In his years as a U.S. federal agent, Tigran Gambaryan helped lead groundbreaking investigations that captured cryptocurrency thieves and money launderers, drug dealers on the dark web, and even crypto-funded child exploitation networks. Now, in his post-government role at the cryptocurrency exchange Binance, he has himself become the target of a very different kind of federal crackdown on cryptocurrencies: Over the past two weeks, he and another Binance manager have been held against their will by Nigerian officials . .
Since February 26, Gambaryan, who now heads Binance’s criminal investigation team, and Nadeem Anjarwalla, Binance’s Kenya-based regional manager for Africa, have been stripped of their passports and locked up in a government building in the Nigerian capital Abuja. According to their families, neither has been notified of any criminal charges against them. Instead, the two men appear to be involved in the broad Nigerian moves to ban cryptocurrency exchanges amid a drastic devaluation of the country’s national currency, according to the Financial times, who first reported the detention of the two executives without identifying them.

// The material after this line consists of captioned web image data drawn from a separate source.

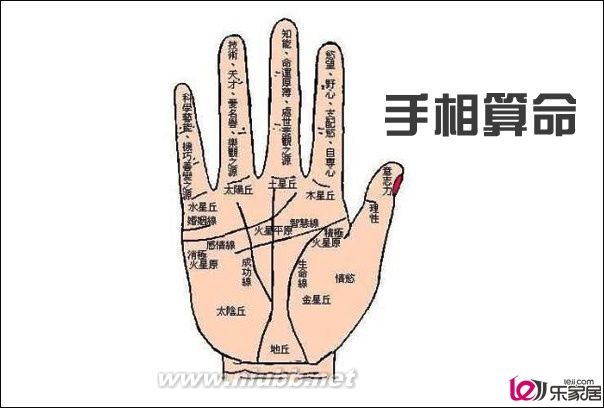 看手相算命圖解 手相怎么看財(cái)運(yùn)_怎么看手相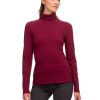 Damen Ragwear | Ragwear Langarmshirt Marysa Organic Gots Weinrot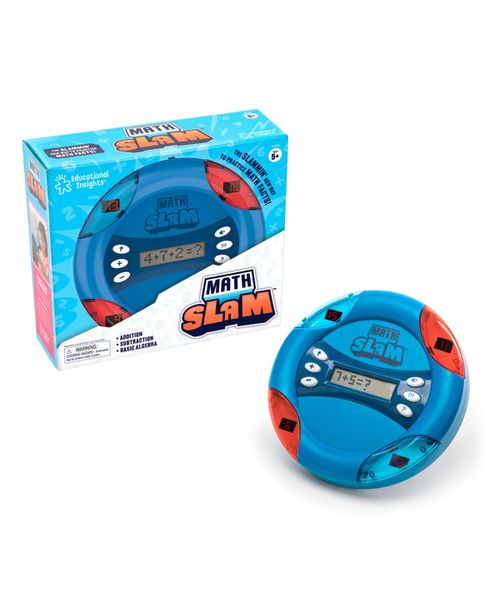 Math Slam Handheld Electronic Math Game - Multi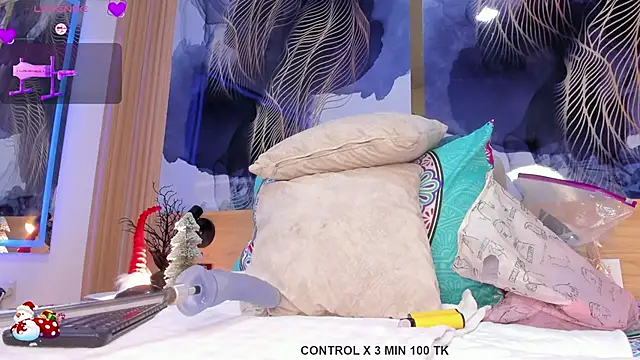 Anabacker01 online show from 21, 12, 2025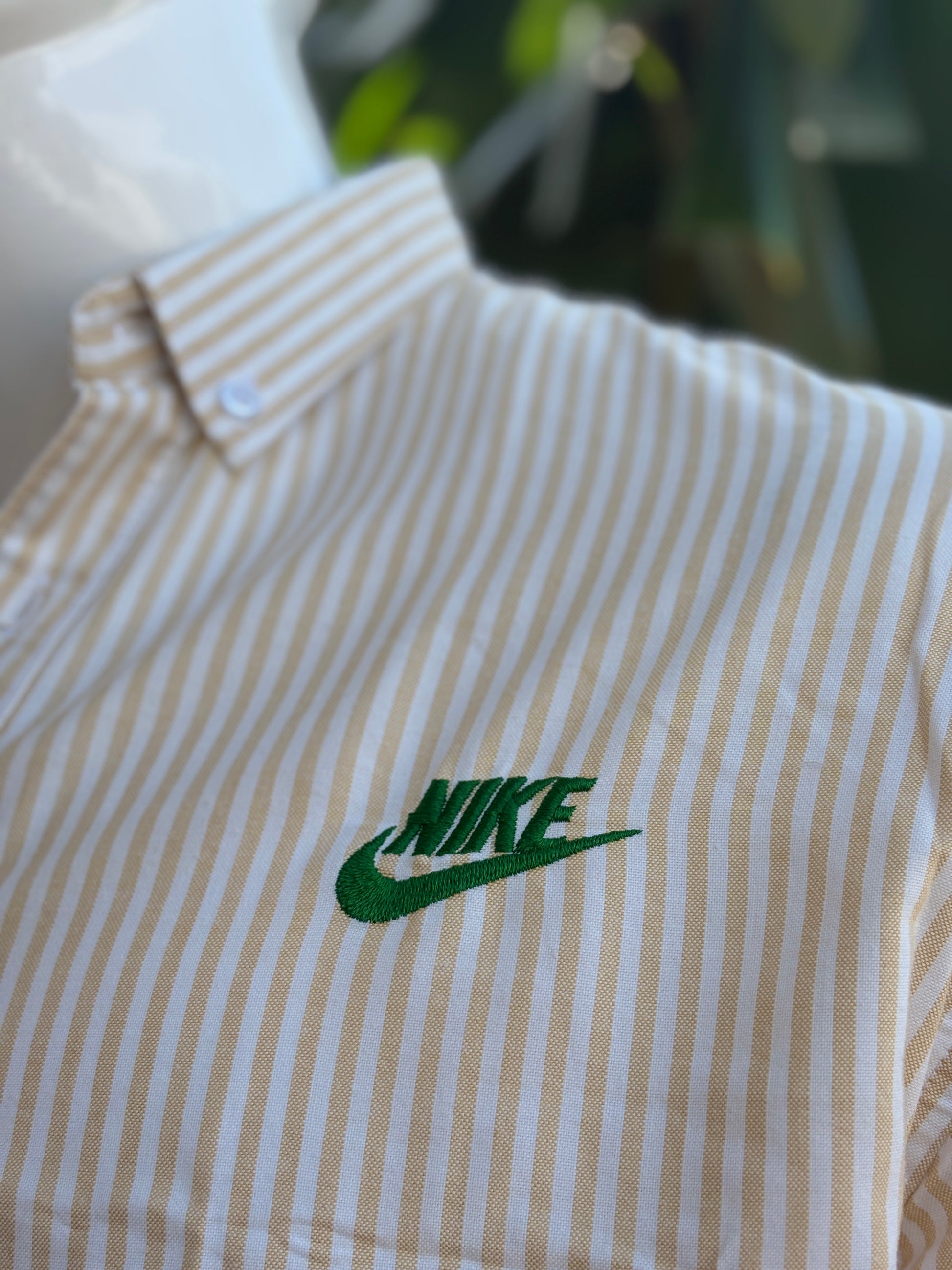 Yellow Striped Shirt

“There’s no definitive answer to anything: how is he doing, what’s going to happen to him, when he comes back,” said Gambaryan’s wife, Yuki Gambaryan. “And the fact that I don’t know that is killing me.”
Gambaryan, a U.S. citizen, and Anjarwalla, a dual citizen of Britain and Kenya, arrived in Abuja on Feb. 25, their families say, following the Nigerian government’s invitation to address its ongoing dispute with Binance. They met with Nigerian officials the next day, intending to speak to the government about its order for the country’s telecom companies to block access to Binance and other cryptocurrency exchanges, which regulators blamed for devaluing the official currency, the naira, and enabling ‘illegal flows’. ” of funds.
Shortly after Gambaryan and Anjarwalla’s first meeting with the Nigerian government, however, Gambaryan and Anjarwalla were taken to their hotels, told to pack up and moved to a “guest house” run by Nigeria’s National Security Agency, their families said. Officials confiscated their passports and have since held the two men in the house against their will for two weeks.
Gambaryan was visited by a U.S. State Department official and Anjarwalla by a representative of the British Foreign Office, their families say, but Nigerian government guards have also remained present at those meetings, preventing them from speaking privately.
When WIRED contacted Binance, a spokesperson declined to comment on what the men or the company itself have been charged with or what demands the Nigerian government may have made for their release. “While it is inappropriate for us to comment on the substance of the claims at this time, we can say that we are working with Nigerian authorities to bring Nadeem and Tigran safely home to their families,” a Binance spokesperson told WIRED. “They are professionals of the highest integrity and we will provide them with all possible support. We trust that a resolution to this matter will be found soon.”